Jul 172016
 

Naperville city officials live by the ‘Golden Rule’; he who has the gold makes the rules. The City of Naperville has the gold in the form of tax dollars, and ordinances, so it’s not often that the Naperville city council gets snookered. It happened last month when a townhome development was approved 7-1 by the council. The lone ‘no’ vote was caste by councilwoman Rebecca Obarski. Council member Patty Gustin was not present for the vote.
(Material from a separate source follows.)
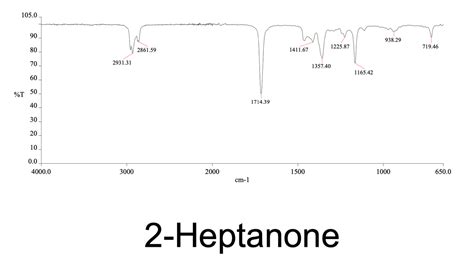 1 5 Hexadiene Ir Spectrum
The original 30-townhome project, which residents fought against, was proposed by Oak Creek Partners, and presented by local attorney Len Monson. Ultimately the project was compromised down to 22 units. Residents were more than concerned that a development of that size would be too dense for the residential area and drastically change the overall peacefulness of the neighborhood. What was not known by residents, and supposedly council members, at the time of the vote was that Oak Creek Partners had plans to buy a piece of land directly across the street and build an additional six units, bringing the total to 28.

The parcel of land was zoned for town-homes and didn’t require approval from the council. Local attorney Len Monson representing Oak Creek Partners wasn’t legally required to disclose the additional information to residents or the council. It was Monson’s job to get approval for the 22-unit project, and that’s exactly what he did. It was the Naperville city council’s job to know exactly what they were voting for, and apparently they didn’t.

I say ‘apparent’ because if they did know about the additional 6 units, it would have been more difficult for them to approve the 22 unit project. Maybe they didn’t want to make it more difficult for themselves because rather than having some residents upset with the council, they would have had many residents very upset with the council. It’s also possible that the council would have approved the 22-unit development even with the additional information.

City staff could have helped the council by providing that additional information. By not doing so, they set-up the council to look foolish. If city staff did provide that information to council members, then in a sense the Naperville city council was involved in a cover-up against residents by approving the 22 unit project. Either way, it doesn’t make the Naperville city council look good. They are either a bit incompetent, or a bit ‘looking-the-other-way’, neither of which are characteristics of strong leadership.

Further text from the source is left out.